Lua bots
Server-side AI players that fill empty slots, drive tutorials, or load-test your game. Bots run inside the match alongside humans — no network, no WebSocket — and share the same game.* surface as your game logic.
When to use bots
- Fill empty slots so matches start immediately.
- Tutorial / single-player sandbox with scripted opponents.
- Load test your tick loop without spawning real WebSocket sessions.
- Replay / record-and-replay testing.
Writing a bot
A bot is a Lua file exporting a think function. Asobi calls it each bot tick (default 5 Hz).
-- bots/random_player.lua
local bot = {}
function bot.on_join(state, view)
-- Called once when the bot joins the match.
return { targeting = nil }
end
function bot.think(state, view)
-- view is what get_state(bot_id, match_state) returned.
-- Return an input table to submit, or nil to skip this tick.
if view.phase ~= "active" then return nil end
local enemies = enemies_in_sight(view)
if #enemies == 0 then
return { action = "move", x = math.random(-5, 5), y = math.random(-5, 5) }
end
local target = enemies[1]
state.targeting = target.id
return { action = "attack", target = target.id }
end
function bot.on_leave(_state, _view) end
return botSpawning a bot into a match
Lua
-- Lua (from your game module)
function game.init(config)
-- Add 3 bots to fill the arena
for i = 1, 3 do
game.bots.add("random_player", {
display_name = "Bot " .. i,
skill = 1000,
})
end
return { ... }
endErlang
%% Erlang API
{ok, _BotId} = asobi_bot:add(MatchPid, #{
script => <<"random_player">>,
display_name => <<"Bot Alpha">>,
skill => 1000
}).Bot callbacks
on_join(state, view)— called once; returns the bot's private state.think(state, view)— called per bot tick. Return an input table ornil.on_message(state, view, msg)— optional; receives messagesgame.sendwould have sent to a human.on_leave(state, view)— optional; cleanup.
Configuration
{asobi_lua, [
{bot_dir, <<"./bots">>},
{bot_tick_ms, 200}, %% 5 Hz default
{max_bots_per_match, 8}
]}Difficulty knobs
Common pattern: add a reaction-time delay based on “skill” metadata.
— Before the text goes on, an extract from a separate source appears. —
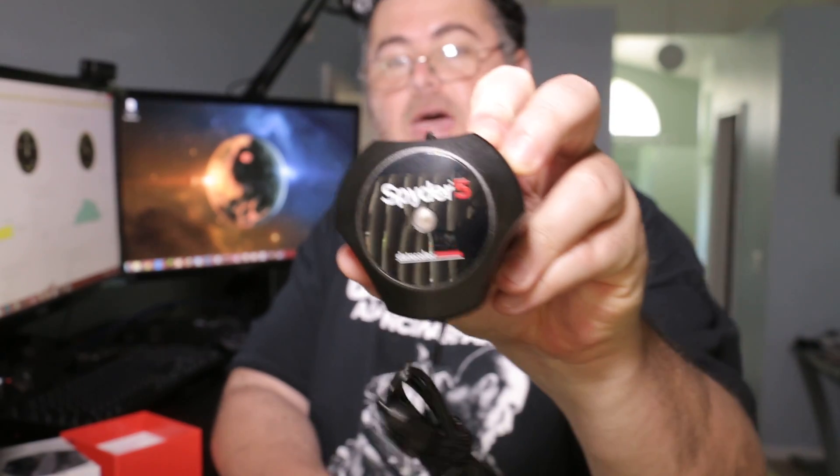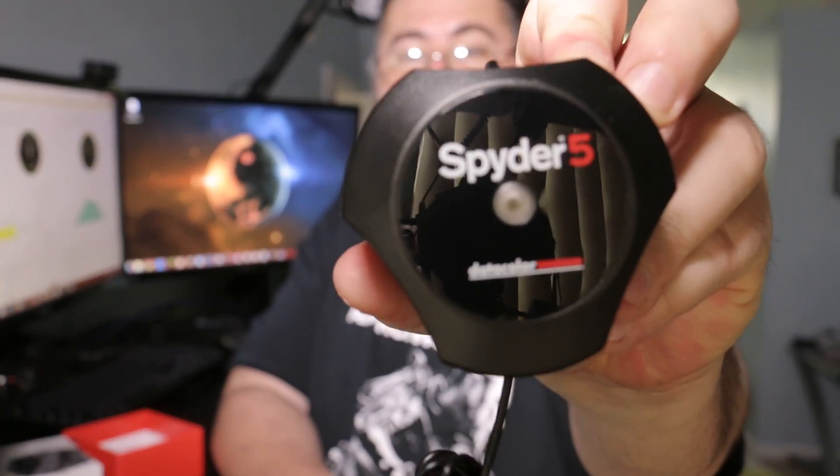I'm gonna download the software, plug this baby up, and then I'll let you know how it works. That's pretty much all you get in the box — the Spider 5 Elite itself. It comes with a serial number inside the box, which I think is the Elite portion of it. Curious to see how this will work and if it's gonna make my colors look better.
function bot.think(state, view)
state.reaction_countdown = (state.reaction_countdown or 0) - 1
if state.reaction_countdown > 0 then return nil end
-- simulate decision-making delay (higher skill = faster reactions)
state.reaction_countdown = math.max(1, math.floor(30 / state.skill * 10))
return pick_action(view)
endLoad testing with bots
To pressure-test a match, spawn N bots that do trivial actions and let the tick loop run. Because bots skip the WebSocket, you can saturate CPU with a few lines of config.
[ asobi_bot:add(MatchPid, #{script => <<"noop_bot">>}) || _ <- lists:seq(1, 100) ].